# Task instructions
Could you output all of the records below exactly as they appear?
Data in this exercise START
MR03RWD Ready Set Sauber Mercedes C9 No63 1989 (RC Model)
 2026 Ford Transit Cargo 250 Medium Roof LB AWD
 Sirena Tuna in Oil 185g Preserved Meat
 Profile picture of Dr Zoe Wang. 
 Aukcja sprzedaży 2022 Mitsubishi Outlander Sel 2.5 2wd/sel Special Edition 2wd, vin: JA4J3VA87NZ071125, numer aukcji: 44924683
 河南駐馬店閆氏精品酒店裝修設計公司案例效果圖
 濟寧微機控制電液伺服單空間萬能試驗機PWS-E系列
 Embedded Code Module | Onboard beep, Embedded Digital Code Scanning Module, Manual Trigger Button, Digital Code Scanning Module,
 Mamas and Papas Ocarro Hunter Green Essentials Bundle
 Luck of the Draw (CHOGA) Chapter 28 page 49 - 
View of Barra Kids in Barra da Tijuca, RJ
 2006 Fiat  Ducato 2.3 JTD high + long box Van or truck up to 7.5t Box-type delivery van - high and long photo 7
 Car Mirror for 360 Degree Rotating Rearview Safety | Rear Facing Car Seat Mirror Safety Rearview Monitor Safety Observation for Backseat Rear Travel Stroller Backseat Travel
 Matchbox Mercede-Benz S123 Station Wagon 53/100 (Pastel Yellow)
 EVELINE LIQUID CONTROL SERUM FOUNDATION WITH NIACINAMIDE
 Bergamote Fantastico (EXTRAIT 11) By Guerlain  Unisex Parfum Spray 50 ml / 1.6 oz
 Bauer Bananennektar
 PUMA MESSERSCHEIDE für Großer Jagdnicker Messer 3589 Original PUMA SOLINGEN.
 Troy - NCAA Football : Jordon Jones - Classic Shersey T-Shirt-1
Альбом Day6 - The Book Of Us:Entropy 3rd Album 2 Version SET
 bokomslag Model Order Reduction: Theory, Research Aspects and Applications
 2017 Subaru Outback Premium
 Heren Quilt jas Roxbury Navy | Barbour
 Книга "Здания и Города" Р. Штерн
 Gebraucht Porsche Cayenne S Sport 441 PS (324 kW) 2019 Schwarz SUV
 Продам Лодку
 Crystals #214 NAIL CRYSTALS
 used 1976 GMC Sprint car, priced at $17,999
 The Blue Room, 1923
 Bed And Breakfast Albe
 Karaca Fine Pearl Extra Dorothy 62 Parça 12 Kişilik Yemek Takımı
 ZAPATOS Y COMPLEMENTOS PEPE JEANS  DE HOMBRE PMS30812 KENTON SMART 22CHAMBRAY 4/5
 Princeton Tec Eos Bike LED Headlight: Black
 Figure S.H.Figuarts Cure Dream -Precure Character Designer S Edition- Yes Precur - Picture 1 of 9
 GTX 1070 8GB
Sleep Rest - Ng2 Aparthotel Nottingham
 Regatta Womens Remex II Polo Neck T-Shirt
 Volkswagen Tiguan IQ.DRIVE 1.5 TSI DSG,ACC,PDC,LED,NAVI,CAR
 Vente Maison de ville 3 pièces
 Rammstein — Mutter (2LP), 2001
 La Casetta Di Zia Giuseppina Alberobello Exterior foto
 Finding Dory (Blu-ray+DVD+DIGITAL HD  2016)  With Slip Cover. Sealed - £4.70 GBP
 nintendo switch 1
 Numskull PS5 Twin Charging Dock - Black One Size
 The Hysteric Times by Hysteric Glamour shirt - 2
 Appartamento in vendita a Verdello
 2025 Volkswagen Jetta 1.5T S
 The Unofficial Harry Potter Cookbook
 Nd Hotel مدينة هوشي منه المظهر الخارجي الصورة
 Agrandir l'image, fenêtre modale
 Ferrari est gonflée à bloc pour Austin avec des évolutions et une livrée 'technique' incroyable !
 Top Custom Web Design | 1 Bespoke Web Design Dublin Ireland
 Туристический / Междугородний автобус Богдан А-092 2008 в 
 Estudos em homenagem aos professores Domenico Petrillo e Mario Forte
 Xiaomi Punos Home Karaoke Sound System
Data in this exercise END
# Task solution
MR03RWD Ready Set Sauber Mercedes C9 No63 1989 (RC Model)
 2026 Ford Transit Cargo 250 Medium Roof LB AWD
 Sirena Tuna in Oil 185g Preserved Meat
 Profile picture of Dr Zoe Wang. 
 Aukcja sprzedaży 2022 Mitsubishi Outlander Sel 2.5 2wd/sel Special Edition 2wd, vin: JA4J3VA87NZ071125, numer aukcji: 44924683
 河南駐馬店閆氏精品酒店裝修設計公司案例效果圖
 濟寧微機控制電液伺服單空間萬能試驗機PWS-E系列
 Embedded Code Module | Onboard beep, Embedded Digital Code Scanning Module, Manual Trigger Button, Digital Code Scanning Module,
 Mamas and Papas Ocarro Hunter Green Essentials Bundle
 Luck of the Draw (CHOGA) Chapter 28 page 49 - 
View of Barra Kids in Barra da Tijuca, RJ
 2006 Fiat  Ducato 2.3 JTD high + long box Van or truck up to 7.5t Box-type delivery van - high and long photo 7
 Car Mirror for 360 Degree Rotating Rearview Safety | Rear Facing Car Seat Mirror Safety Rearview Monitor Safety Observation for Backseat Rear Travel Stroller Backseat Travel
 Matchbox Mercede-Benz S123 Station Wagon 53/100 (Pastel Yellow)
 EVELINE LIQUID CONTROL SERUM FOUNDATION WITH NIACINAMIDE
 Bergamote Fantastico (EXTRAIT 11) By Guerlain  Unisex Parfum Spray 50 ml / 1.6 oz
 Bauer Bananennektar
 PUMA MESSERSCHEIDE für Großer Jagdnicker Messer 3589 Original PUMA SOLINGEN.
 Troy - NCAA Football : Jordon Jones - Classic Shersey T-Shirt-1
Альбом Day6 - The Book Of Us:Entropy 3rd Album 2 Version SET
 bokomslag Model Order Reduction: Theory, Research Aspects and Applications
 2017 Subaru Outback Premium
 Heren Quilt jas Roxbury Navy | Barbour
 Книга "Здания и Города" Р. Штерн
 Gebraucht Porsche Cayenne S Sport 441 PS (324 kW) 2019 Schwarz SUV
 Продам Лодку
 Crystals #214 NAIL CRYSTALS
 used 1976 GMC Sprint car, priced at $17,999
 The Blue Room, 1923
 Bed And Breakfast Albe
 Karaca Fine Pearl Extra Dorothy 62 Parça 12 Kişilik Yemek Takımı
 ZAPATOS Y COMPLEMENTOS PEPE JEANS  DE HOMBRE PMS30812 KENTON SMART 22CHAMBRAY 4/5
 Princeton Tec Eos Bike LED Headlight: Black
 Figure S.H.Figuarts Cure Dream -Precure Character Designer S Edition- Yes Precur - Picture 1 of 9
 GTX 1070 8GB
Sleep Rest - Ng2 Aparthotel Nottingham
 Regatta Womens Remex II Polo Neck T-Shirt
 Volkswagen Tiguan IQ.DRIVE 1.5 TSI DSG,ACC,PDC,LED,NAVI,CAR
 Vente Maison de ville 3 pièces
 Rammstein — Mutter (2LP), 2001
 La Casetta Di Zia Giuseppina Alberobello Exterior foto
 Finding Dory (Blu-ray+DVD+DIGITAL HD  2016)  With Slip Cover. Sealed - £4.70 GBP
 nintendo switch 1
 Numskull PS5 Twin Charging Dock - Black One Size
 The Hysteric Times by Hysteric Glamour shirt - 2
 Appartamento in vendita a Verdello
 2025 Volkswagen Jetta 1.5T S
 The Unofficial Harry Potter Cookbook
 Nd Hotel مدينة هوشي منه المظهر الخارجي الصورة
 Agrandir l'image, fenêtre modale
 Ferrari est gonflée à bloc pour Austin avec des évolutions et une livrée 'technique' incroyable !
 Top Custom Web Design | 1 Bespoke Web Design Dublin Ireland
 Туристический / Междугородний автобус Богдан А-092 2008 в 
 Estudos em homenagem aos professores Domenico Petrillo e Mario Forte
 Xiaomi Punos Home Karaoke Sound System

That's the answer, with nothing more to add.